Material supplied section start

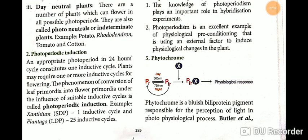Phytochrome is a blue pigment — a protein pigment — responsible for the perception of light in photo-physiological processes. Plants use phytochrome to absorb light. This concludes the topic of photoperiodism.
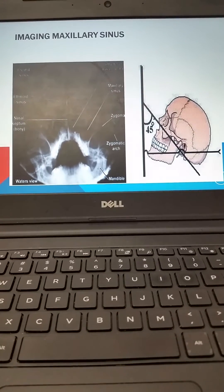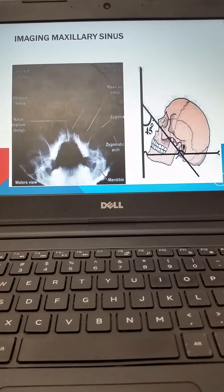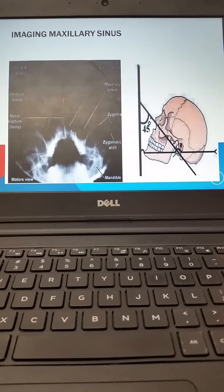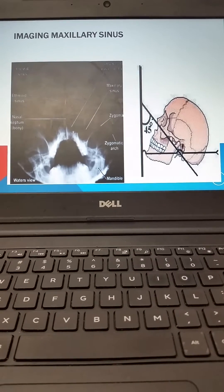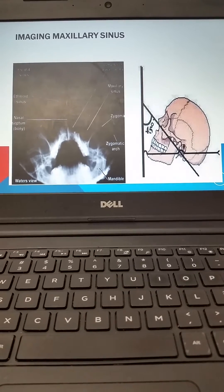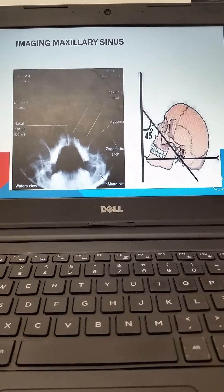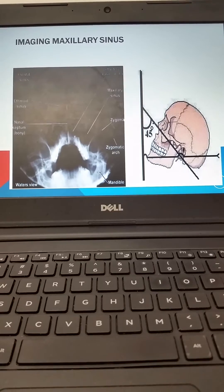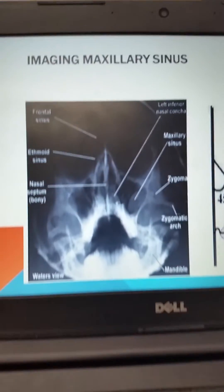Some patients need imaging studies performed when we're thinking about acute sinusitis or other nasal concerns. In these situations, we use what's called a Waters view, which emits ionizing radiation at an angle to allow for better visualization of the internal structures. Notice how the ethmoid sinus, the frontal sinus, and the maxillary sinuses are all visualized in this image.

Material supplied section end
Material supplied section start

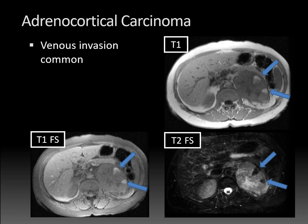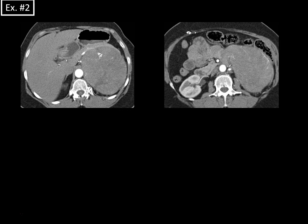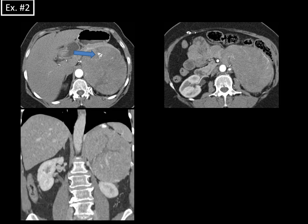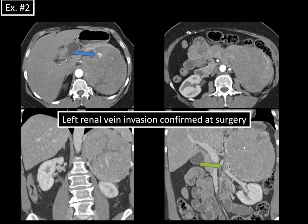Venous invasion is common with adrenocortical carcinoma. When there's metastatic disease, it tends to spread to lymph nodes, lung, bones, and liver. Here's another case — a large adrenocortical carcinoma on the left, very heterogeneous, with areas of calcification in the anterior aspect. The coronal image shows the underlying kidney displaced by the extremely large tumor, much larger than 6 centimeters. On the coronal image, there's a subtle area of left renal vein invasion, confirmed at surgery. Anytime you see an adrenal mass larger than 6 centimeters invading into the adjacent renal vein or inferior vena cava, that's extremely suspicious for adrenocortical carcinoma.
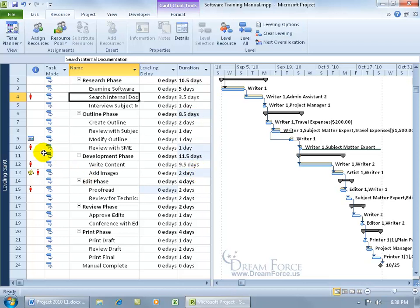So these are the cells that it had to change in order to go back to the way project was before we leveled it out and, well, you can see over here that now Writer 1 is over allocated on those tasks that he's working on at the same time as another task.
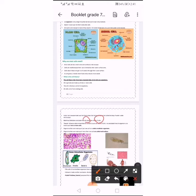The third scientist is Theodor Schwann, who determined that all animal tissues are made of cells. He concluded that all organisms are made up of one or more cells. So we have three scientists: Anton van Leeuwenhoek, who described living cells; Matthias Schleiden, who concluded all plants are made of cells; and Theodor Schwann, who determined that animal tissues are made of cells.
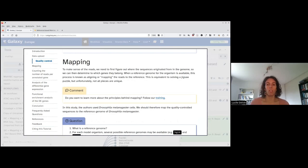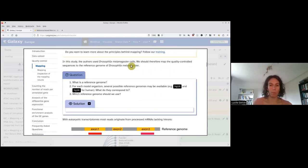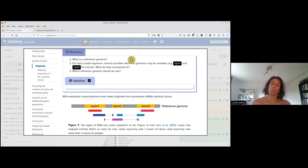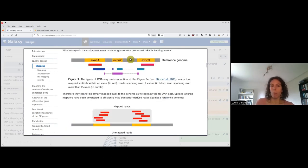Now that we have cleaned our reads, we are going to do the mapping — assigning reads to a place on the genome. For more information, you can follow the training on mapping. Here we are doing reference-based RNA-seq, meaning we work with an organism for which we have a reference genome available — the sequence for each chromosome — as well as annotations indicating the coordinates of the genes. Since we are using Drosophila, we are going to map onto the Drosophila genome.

Material supplied section end
Material supplied section start

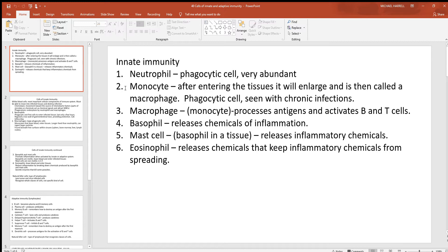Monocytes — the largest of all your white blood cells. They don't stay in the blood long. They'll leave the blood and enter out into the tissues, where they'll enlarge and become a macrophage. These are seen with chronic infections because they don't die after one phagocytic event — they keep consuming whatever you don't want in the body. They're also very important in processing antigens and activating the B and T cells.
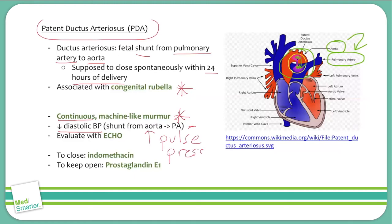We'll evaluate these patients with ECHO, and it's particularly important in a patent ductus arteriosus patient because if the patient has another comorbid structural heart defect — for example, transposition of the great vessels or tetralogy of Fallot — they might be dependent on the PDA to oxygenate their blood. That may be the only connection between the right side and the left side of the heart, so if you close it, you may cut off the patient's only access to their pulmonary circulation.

Material supplied section end

Exercise instructions: Retype, exactly and with no pictures, everything above from the line with "Venous invasion is" down to the line with "Now that we", both included.

Worked solution:
Venous invasion is common with adrenocortical carcinoma. When there's metastatic disease, it tends to spread to lymph nodes, lung, bones, and liver. Here's another case — a large adrenocortical carcinoma on the left, very heterogeneous, with areas of calcification in the anterior aspect. The coronal image shows the underlying kidney displaced by the extremely large tumor, much larger than 6 centimeters. On the coronal image, there's a subtle area of left renal vein invasion, confirmed at surgery. Anytime you see an adrenal mass larger than 6 centimeters invading into the adjacent renal vein or inferior vena cava, that's extremely suspicious for adrenocortical carcinoma.
So these are the cells that it had to change in order to go back to the way project was before we leveled it out and, well, you can see over here that now Writer 1 is over allocated on those tasks that he's working on at the same time as another task.
The third scientist is Theodor Schwann, who determined that all animal tissues are made of cells. He concluded that all organisms are made up of one or more cells. So we have three scientists: Anton van Leeuwenhoek, who described living cells; Matthias Schleiden, who concluded all plants are made of cells; and Theodor Schwann, who determined that animal tissues are made of cells.
Now that we have cleaned our reads, we are going to do the mapping — assigning reads to a place on the genome. For more information, you can follow the training on mapping. Here we are doing reference-based RNA-seq, meaning we work with an organism for which we have a reference genome available — the sequence for each chromosome — as well as annotations indicating the coordinates of the genes. Since we are using Drosophila, we are going to map onto the Drosophila genome.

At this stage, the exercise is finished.